El Butano Popular

Librepensamiento y explicaciones

Miedo y asco en Vodafone™ Sol

Ainhoa Rebolledo Una para las dos— 25-03-2015

He pasado tres meses dormida, bajo un mal sueño de Dormidina. Una pesadilla electrónica de la que no me conseguía despertar ni a la de tres, ni siquiera cuando empecé a frecuentar con los ojos abiertos la estación de Vodafone™ Sol a las ocho de la mañana y a chocarme en las escaleras del transbordo de la línea roja a la amarilla con decenas de desconocidos de las provincias de Madrid que caminaban llorando porque se sentían solos y se sabían perdidos. Yo también me sentía sola pero pensaba que en un ratito estaría acompañada. Muchos llevaban libros de Mario Vargas Llosa, no puedo dejarme ningún dato importante en el desarrollo de la historia que realmente no pienso contar.

El otro día descubrí por casualidad un pasillo que conecta los dos andenes en la estación de Vodafone™ Sol y donde además tienen a Harry Belafonte de hilo musical. Desde ese fantástico descubrimiento, al hacer el transbordo sólo me cruzo con el Pato Lucas, Piolín y Bugs Bunny, nada de humanos, nada de hombres, nada de lectores de escritores arrogantes y cuando al volver a casa me bajo del metro en la estación de Canal me cruzo siempre por Bravo Murillo con los perritos tan bonitos que cuelga Jorge de Cascante en Instagram: son las réplicas auténticas de lo que veo en internet, como si las calles de Chamberí fueran el lugar exacto donde se prueban las impresoras 3D. Antes de [elipsis] yo llevaba a cabo todas las ideas que se me ocurrían, si me equivocaba no sólo no sentía el fracaso sino que veía directamente la nueva oportunidad: vivía la vida como una sucesión de aventuras fascinantes que siempre terminaban bien. La víspera de [elipsis] me quedé dormida en un hotel de Barcelona y me desperté anestesiada a casi mil kilómetros de casa. Yo tenía claro que esa aventura sería sumamente atractiva, en la teoría y en la práctica, y por supuesto que hice click en ACEPTO sin haberme leído las diez páginas de Términos y Condiciones. No disponía de la información necesaria que me explicara bien el trampantojo: lo que yo veía como una aventurilla que contar a mis hijas con orgullo era en realidad una apuesta muy alta y yo estaba depositando toda mi ilusión en un número que ni siquiera salía en la ruleta.

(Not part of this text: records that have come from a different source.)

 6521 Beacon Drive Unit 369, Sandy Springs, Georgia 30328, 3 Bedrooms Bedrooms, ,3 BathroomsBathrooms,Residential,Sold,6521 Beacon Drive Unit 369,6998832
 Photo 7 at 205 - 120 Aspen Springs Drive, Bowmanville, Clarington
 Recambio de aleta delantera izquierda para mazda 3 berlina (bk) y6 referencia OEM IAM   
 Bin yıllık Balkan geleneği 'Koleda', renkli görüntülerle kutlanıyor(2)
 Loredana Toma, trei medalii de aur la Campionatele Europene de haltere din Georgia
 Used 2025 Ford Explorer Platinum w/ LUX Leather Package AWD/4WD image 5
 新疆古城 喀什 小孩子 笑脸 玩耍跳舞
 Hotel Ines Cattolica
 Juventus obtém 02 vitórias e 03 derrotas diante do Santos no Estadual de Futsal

Por supuesto que perdí pero no pasa nada porque caí de pie, aunque el síndrome de Estocolmo me aplastó poco después. Bueno, en el fondo estaba jugando, jugándome la vida al intentar sujetar un idealismo de resistencia muy complicado, como lo llamó Rubén Lardín, que para algo es escritor. Me gusta el café, me gusta sentirme despierta, me gusta sentirme viva, me gusta que me abracen, que me achuchen, me gusta poner las comas cuando necesito respirar y no cuando me lo exija la gramática, me gusta que durante esta primavera el peor momento del día sea cuando me cruce con los Looney Tunes en ese pasillo de la estación de Vodafone™ Sol por el que no transita la gente triste. Ahora voy a poner un punto y aparte.

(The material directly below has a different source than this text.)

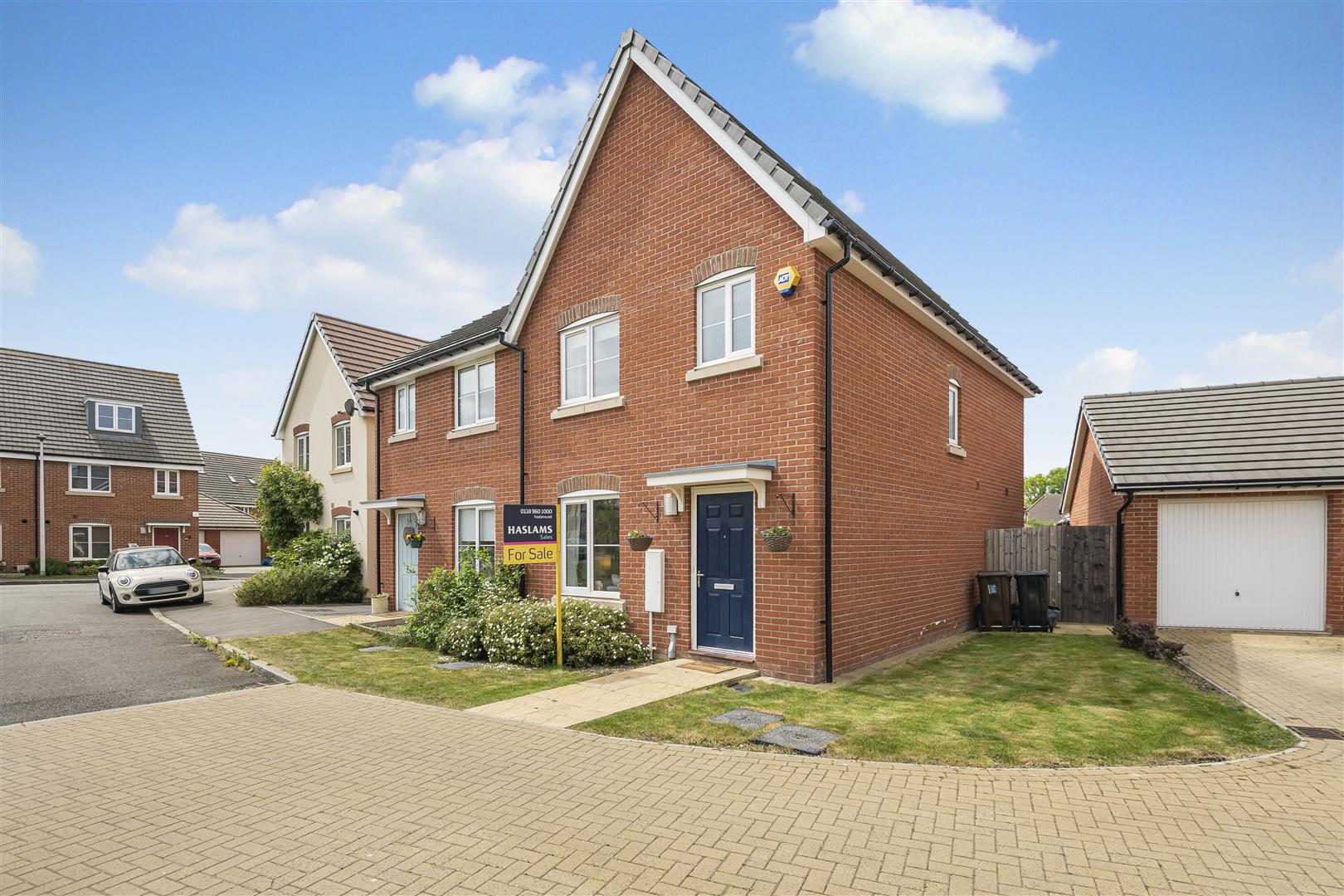 Hayes Drive, Three Mile Cross, Reading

Yo ya me sentía terriblemente sola pero me sentí totalmente abandonada al ver que la persona que yo quería que me acompañara en la aventura no se quería sentar a mi lado: al principio decía que quería venir conmigo pero que se mareaba en los viajes pero luego, cuando yo ya estaba subida en el autobús, haciéndole gestos desde el otro lado del cristal para que se subiera, que el coche ya estaba arrancando, que nos íbamos ya, me dijo que no vendría y se acabó la elipsis. El electrón se había desexcitado espontáneamente y el campo electromagnético volvía a estar en el estado fundamental: vacío.